··· PROVIDED RECORDS

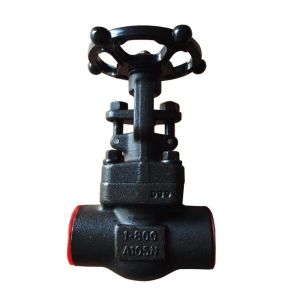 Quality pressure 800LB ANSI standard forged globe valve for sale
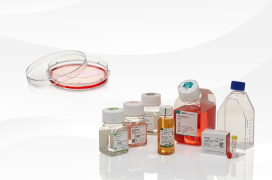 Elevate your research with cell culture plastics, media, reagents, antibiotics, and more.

······
··· PROVIDED RECORDS

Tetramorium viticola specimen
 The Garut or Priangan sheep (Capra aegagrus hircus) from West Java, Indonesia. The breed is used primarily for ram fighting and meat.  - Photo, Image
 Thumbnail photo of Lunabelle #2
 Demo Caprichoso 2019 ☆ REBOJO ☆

······
··· PROVIDED RECORDS

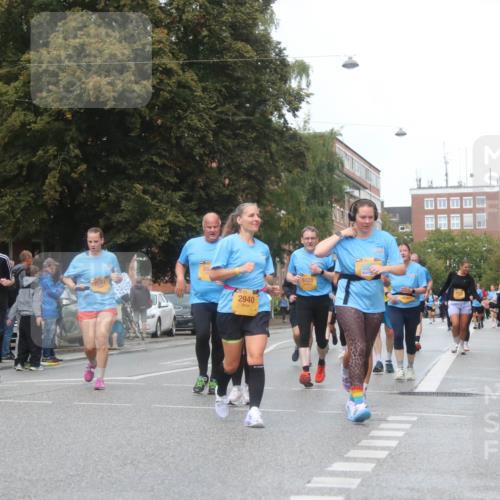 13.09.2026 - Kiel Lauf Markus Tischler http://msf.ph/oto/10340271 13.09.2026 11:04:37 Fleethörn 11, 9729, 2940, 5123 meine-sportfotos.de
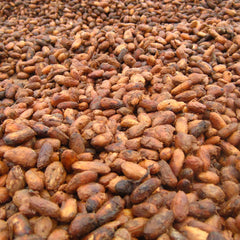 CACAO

······

Take the stretch of lines above from the one containing "Thumbnail photo of Lunabelle #2" through the one containing "Demo Caprichoso 2019 ☆ REBOJO ☆" and repeat it exactly, adding no other line.

 Thumbnail photo of Lunabelle #2
 Demo Caprichoso 2019 ☆ REBOJO ☆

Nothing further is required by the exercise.